Consequently, if you could figure out a way to limit the liability of the employer, you can encourage them to provide a "forced savings" of sorts, for their employees, he says.
Covering the emotional side of the employee retirement savings mindset can help turn the tide, as well.
"You've got loss aversion, where we typically care more about what we'll lose than what we could gain by saving," says Aaron Wassenaar, director of retirement services at Action Point Retirement Group in Grand Rapids, Michigan. "That's why employees are reluctant to save the recommended 10 percent of their salary and instead choose the less painful 3 to 4 percent. Loss aversion is also why so many people make bad investment choices even when they do sign up for a plan."
Another retirement savings roadblock is inertia. "This is why the majority of employees choose the most convenient routes -- target-date funds are an obvious example -- or do nothing at all," Wassenaar says. "Most people become so overwhelmed by the saving and investment decisions that go along with the process of enrolling in a retirement plan that they put it off for another day -- except that day never seems to come."
Add myopia to the mix, where workers just can't -- or won't -- imagine themselves 20, 30 and 40 years down the road, swaying somewhere on a hammock in the tropics, and it's clear that both workers and small business employers face an uphill climb in the retirement savings market.
But there is good news. There are specific moves business owners can take to get employees moving on retirement savings.
The first step is a basic but necessary one for small business owners -- offer a retirement plan. "Expenses for small retirement plans have been on the decrease in recent years," Wassenaar says. "There are several good low-cost 401(k) options available to small business owners. Employees are more likely to participate in a workplace retirement plan than trying to save on their own."
Another incentive producer is auto-enrollment. "If small business owners automatically enroll all workers in retirement plans -- with the option to opt out later if they want -- employees wouldn't have the chance to procrastinate on their retirement savings," Wassenaar says.
Couple that move with automatic contribution increases, and small business owners are really generating some momentum. "Automatic escalation can help encourage employees to increase their contributions over time," he says. "Research shows that the automatic escalation of savings rates may be the most important factor in building longer-lasting retirement savings."
Other good ideas include company matches, where employers match 401(k) worker contributions up to a certain contribution percentage, limits on 401(k) loans and the use of target-date funds and risk-based funds as an option for novice investors, says Michael Houghton, founder of Houghton Financial Partners, in El Paso, Texas.
Yet all those features, as helpful as they are, won't mean much if employees don't understand how retirement saving really works -- and that's where education can be important.
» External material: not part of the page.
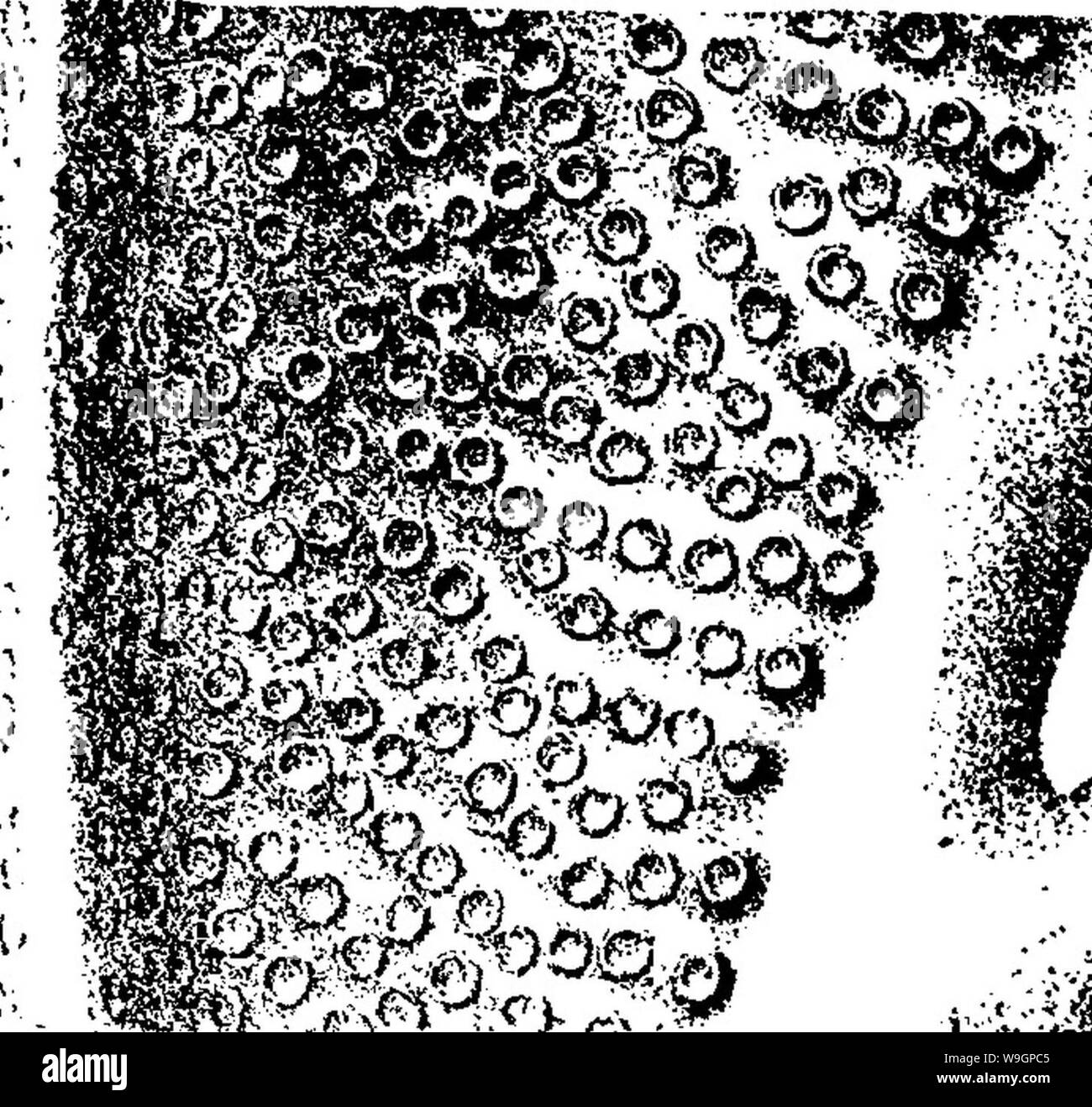 Image d'archive à partir de la page 312 d'un dictionnaire des fossiles Banque D'Images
"Small business owners should make sure employees understand the company match, tax deferral, tax-free growth, compound growth and investments," Houghton says. "Employees want somebody who will answer questions, help them understand all the options and explain the associated risks."
The challenges are numerous. Clearly, getting small business employees going on retirement savings is a problem that demands a solution.
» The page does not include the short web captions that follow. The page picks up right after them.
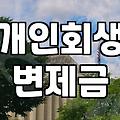 개인회생, 교과서 같은 조언 말고 현실적인 고민들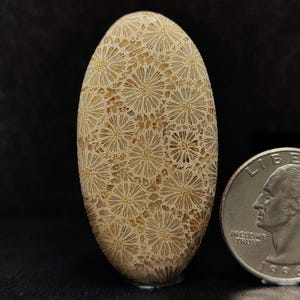 May include: A polished, oval-shaped fossilized coral with a beige and brown colour. The coral has a unique pattern of small, flower-like shapes.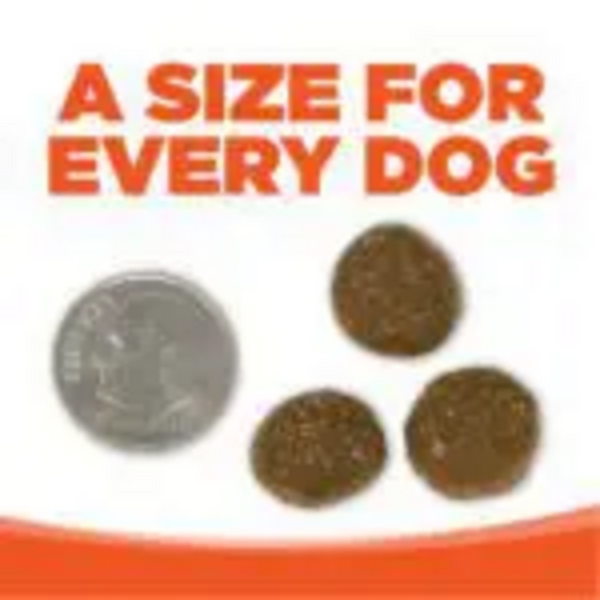 NutriSource Performance Chicken & Rice Dry Dog Food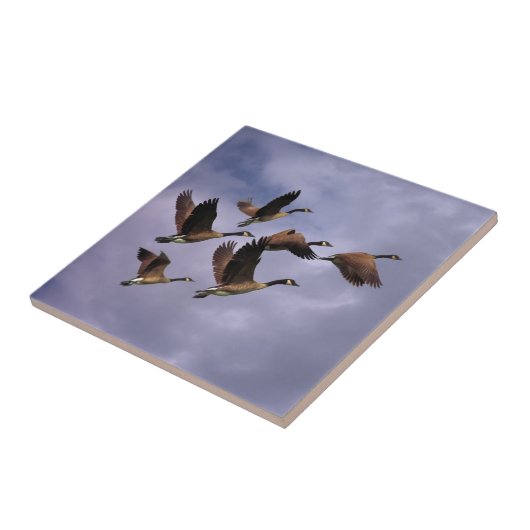 GEESE  FLIESE (Seite)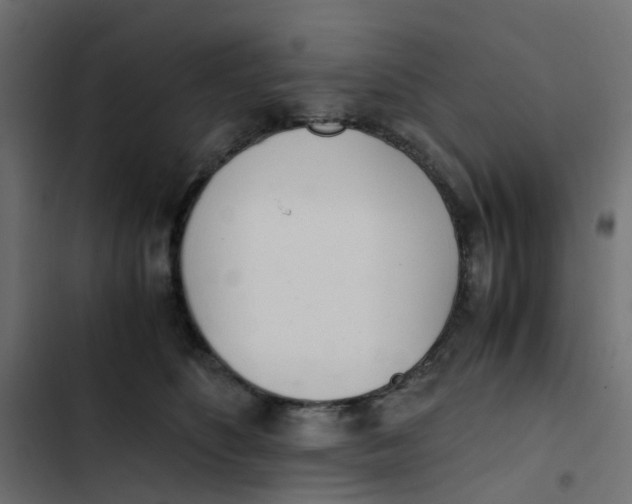 X0000103330516200809261204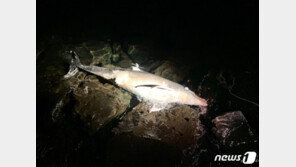 제주 한림 해안가서 멸종위기 남방큰돌고래 사체 발견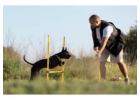SEO for Pet Training Schools | Bark Up the Right Tree | Kashtbhanjan Digital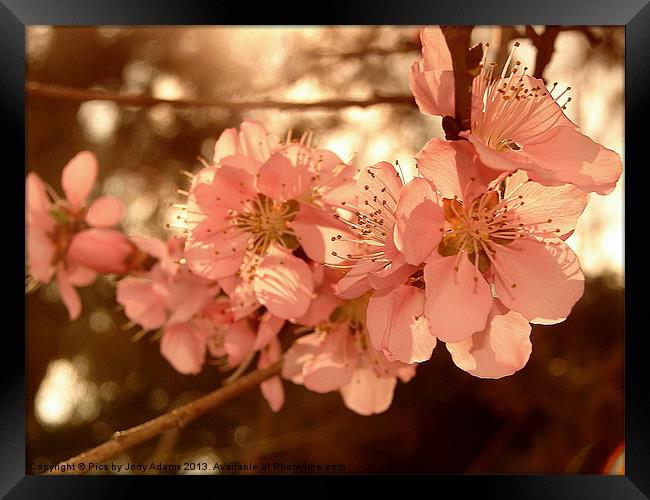 Peach Blossoms Framed Print by Pics by Jody Adams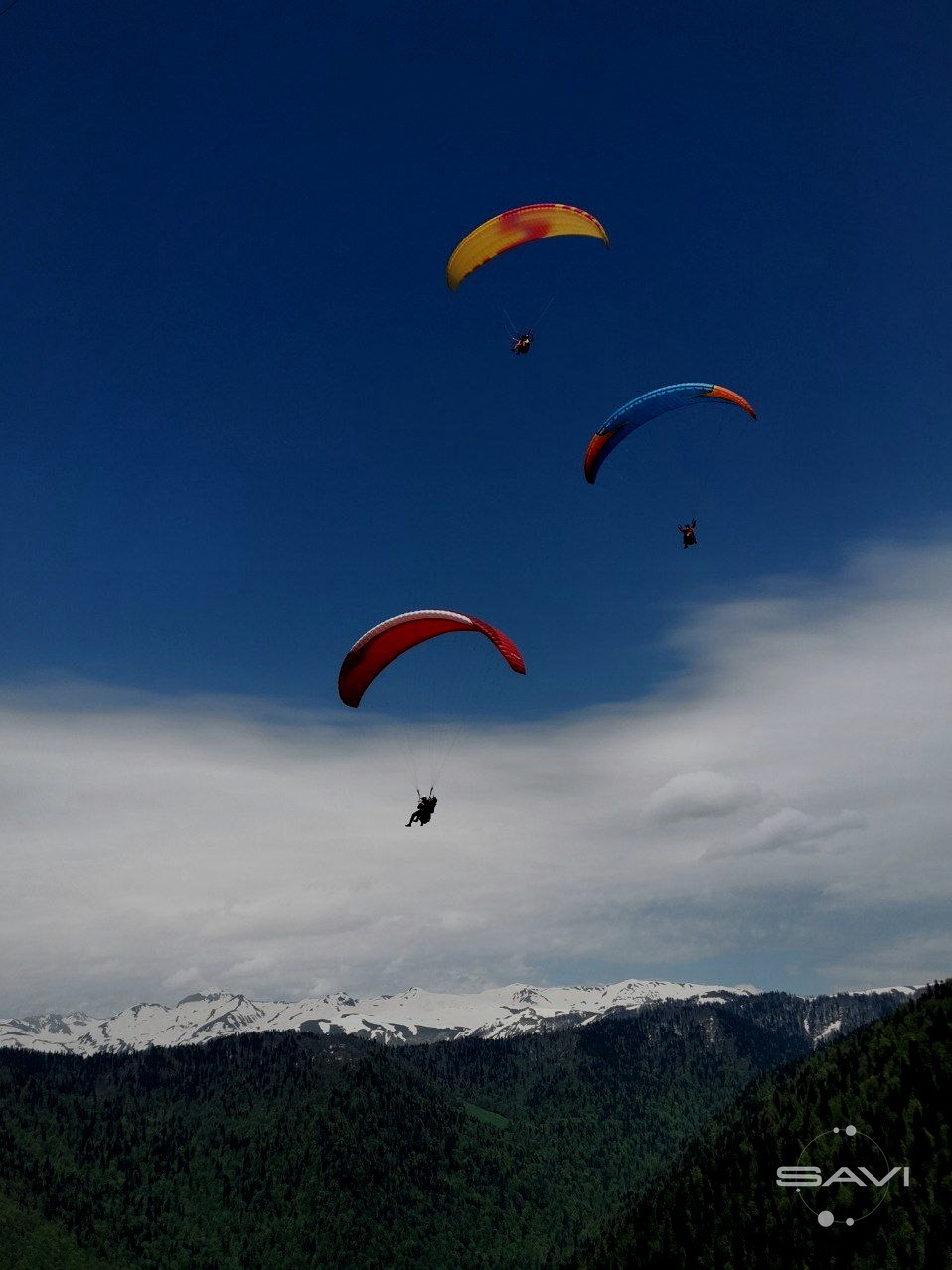 парапланы над горами Абхазии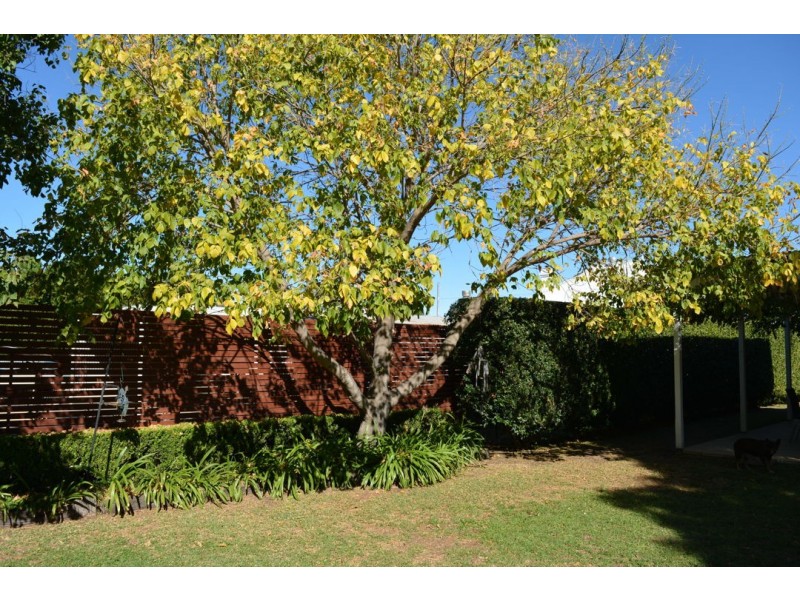 56 EDWARD STREET, Moree NSW 2400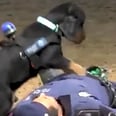 Police Dog Attempts CPR on "Lifeless" Officer, and Be Still, Our Beating Hearts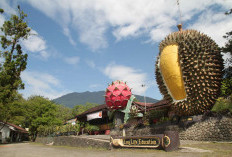 Melihat Wisata Telaga Saat, Menyatu dengan Alam di Puncak Bogor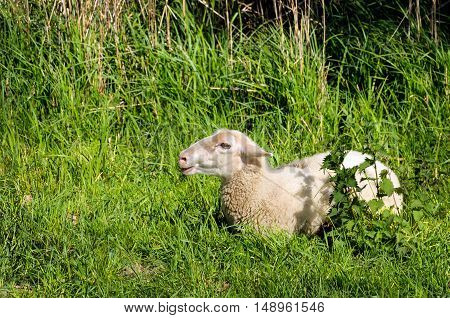 Young bleating sheep lies alone in the fresh green enjoying the spring sunshine.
"Sixty-seven percent of small businesses don't offer retirement plans," says Chad Parks, CEO of Ubiquity Retirement + Savings, in San Francisco. "With Social Security due to become insolvent by 2034 and the fact that nearly half of Americans have less than $10,000 in personal savings, people are bound to be working way past the age of 65."
With those challenges in mind, it's crucial for small businesses to realize that creating a retirement program for their employees does not have to be a huge expense, Parks says. "Business owners merely have to set up a plan and let employees take advantage of it."